--- GIVEN INFORMATION ---
***

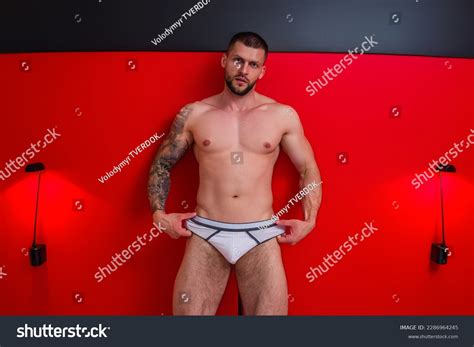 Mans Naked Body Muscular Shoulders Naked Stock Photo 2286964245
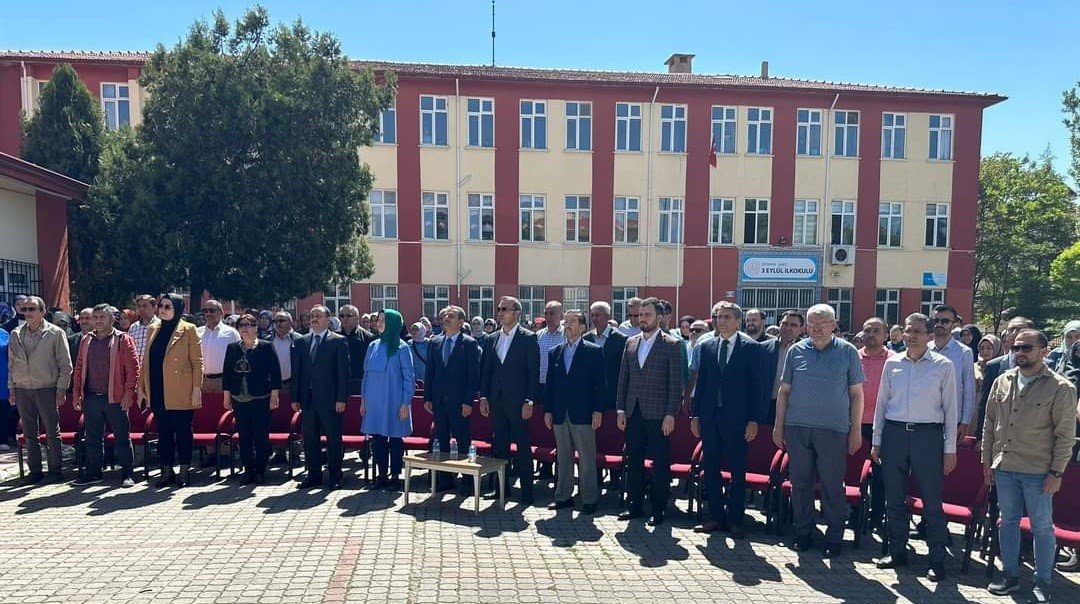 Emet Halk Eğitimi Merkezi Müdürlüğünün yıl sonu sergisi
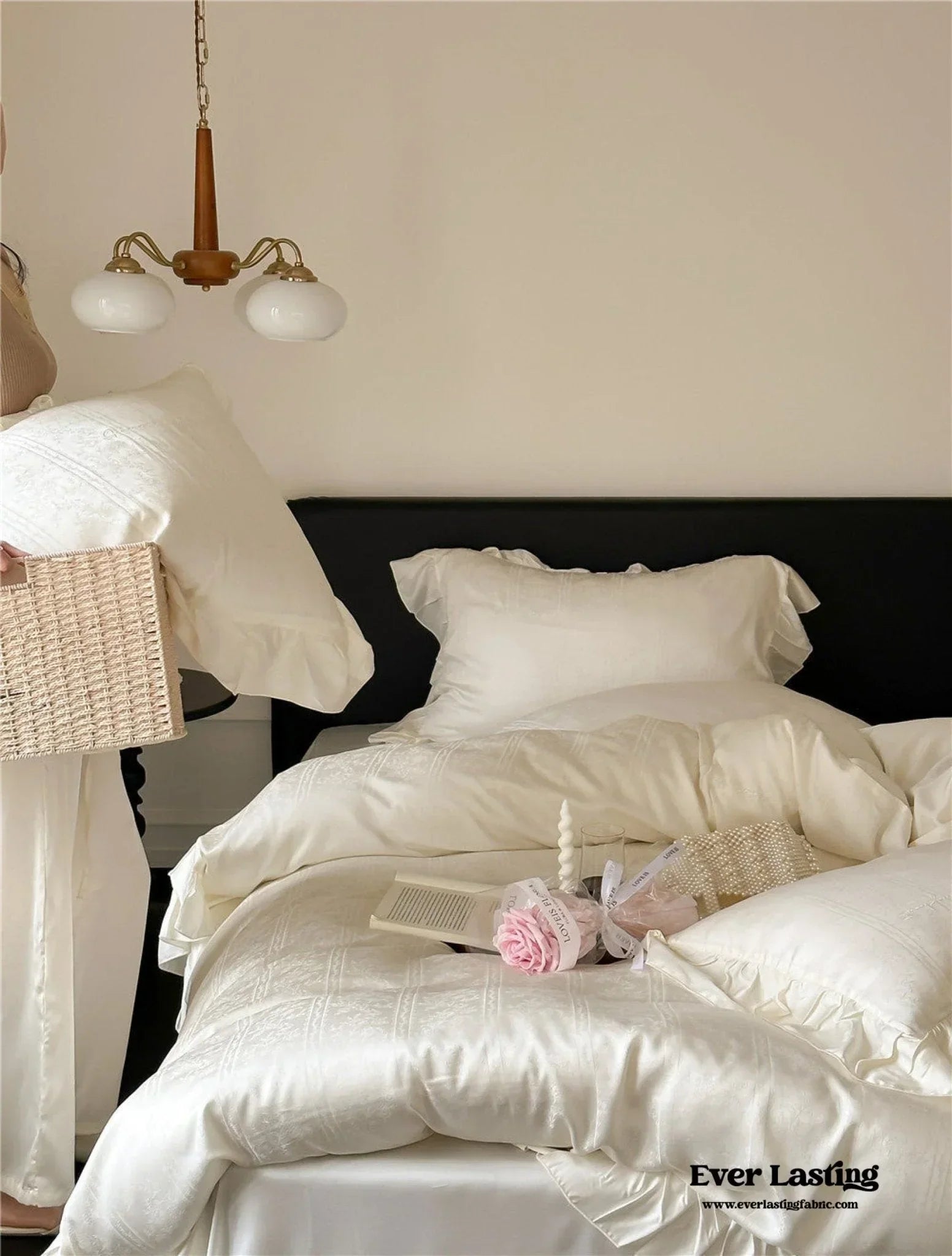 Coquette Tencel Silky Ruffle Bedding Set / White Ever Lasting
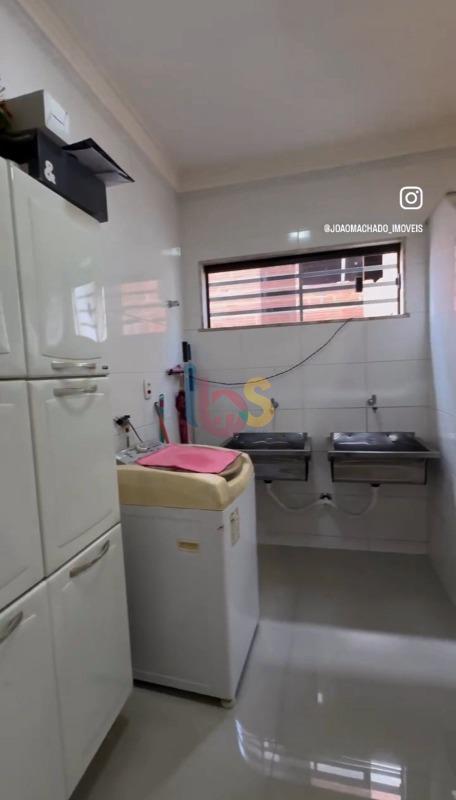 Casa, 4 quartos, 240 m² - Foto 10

***

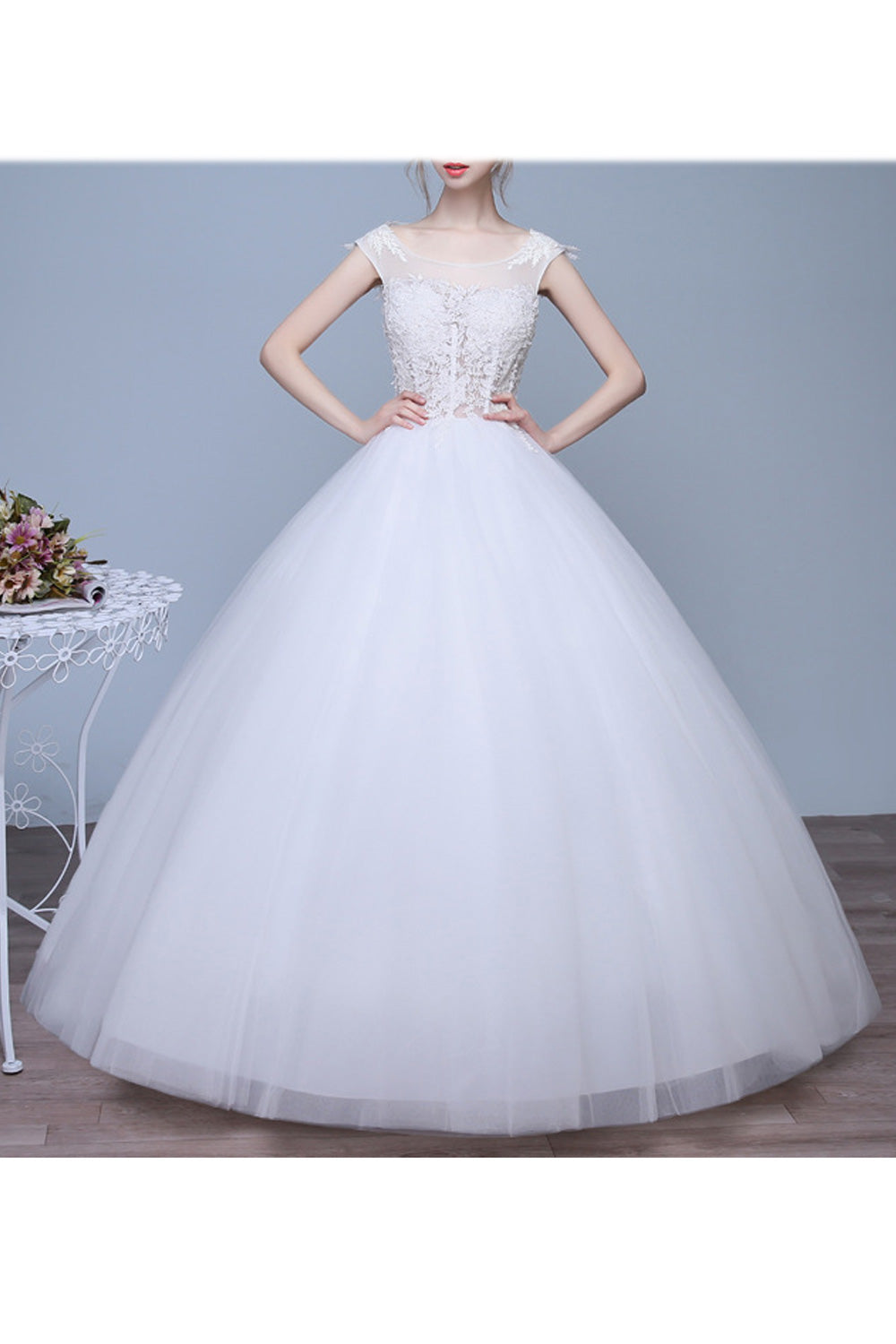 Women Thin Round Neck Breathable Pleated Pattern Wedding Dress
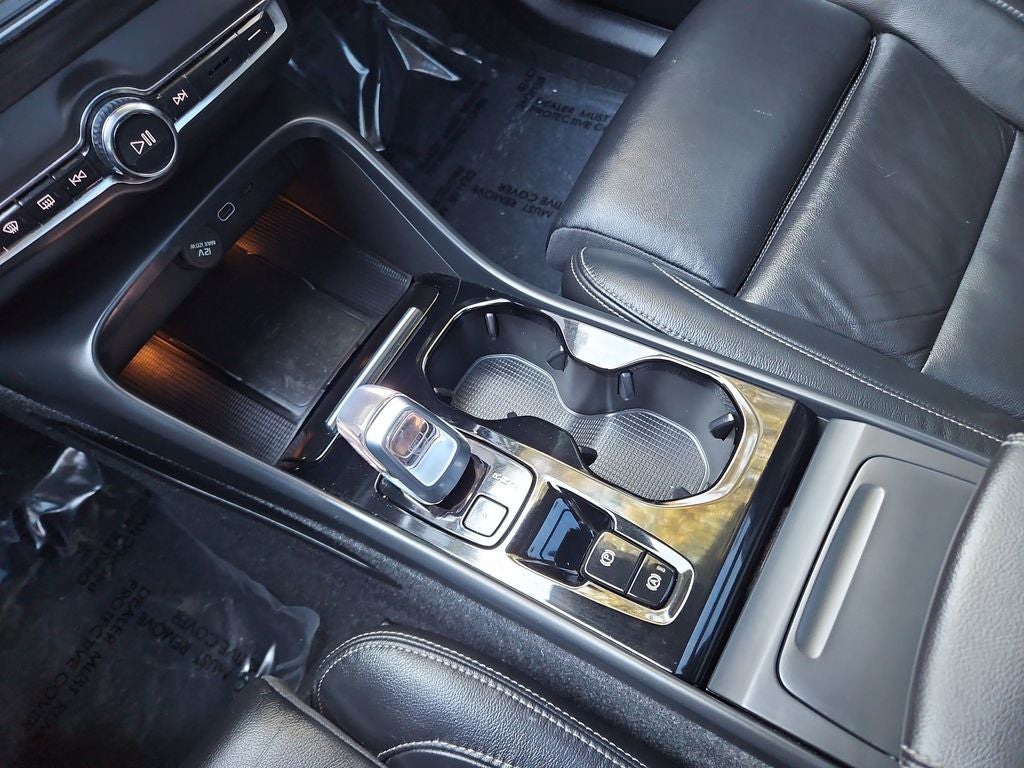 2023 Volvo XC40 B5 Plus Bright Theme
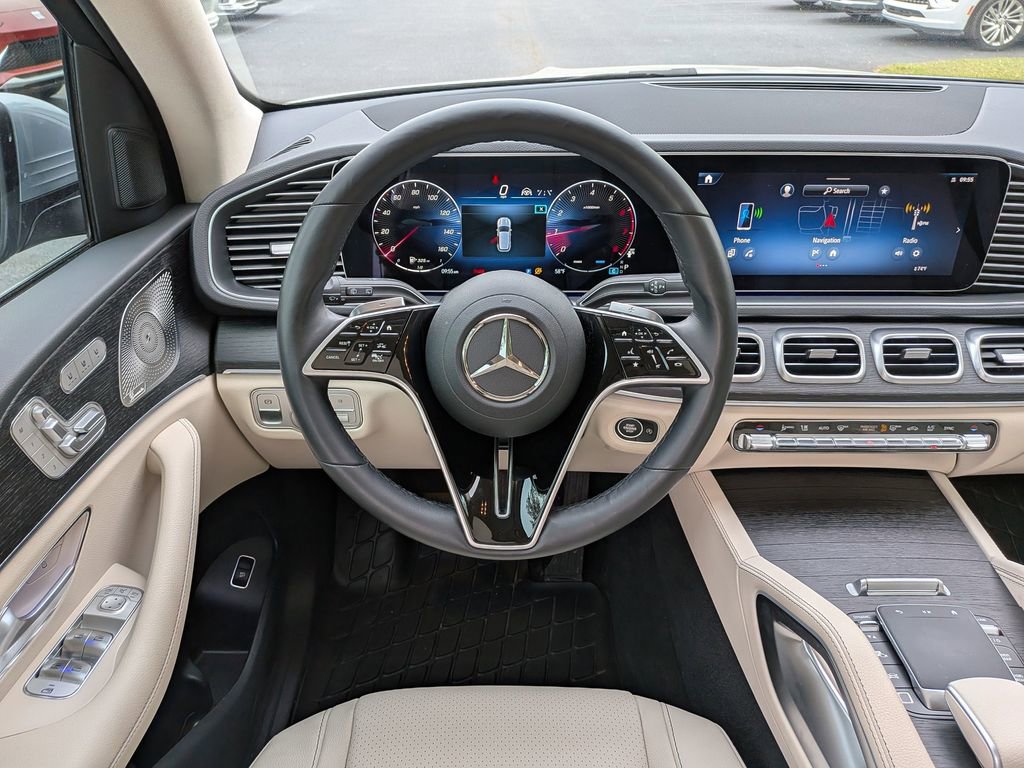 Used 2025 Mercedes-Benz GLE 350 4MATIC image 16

***

--- EXERCISE REQUIREMENTS ---
Leave out the images and write out the lines above exactly, from the one with "Emet Halk Eğitimi" up to and including the one with "Casa, 4 quartos, 240 m² - Foto 10".

--- TASK OUTPUT ---
 Emet Halk Eğitimi Merkezi Müdürlüğünün yıl sonu sergisi
 Coquette Tencel Silky Ruffle Bedding Set / White Ever Lasting
 Casa, 4 quartos, 240 m² - Foto 10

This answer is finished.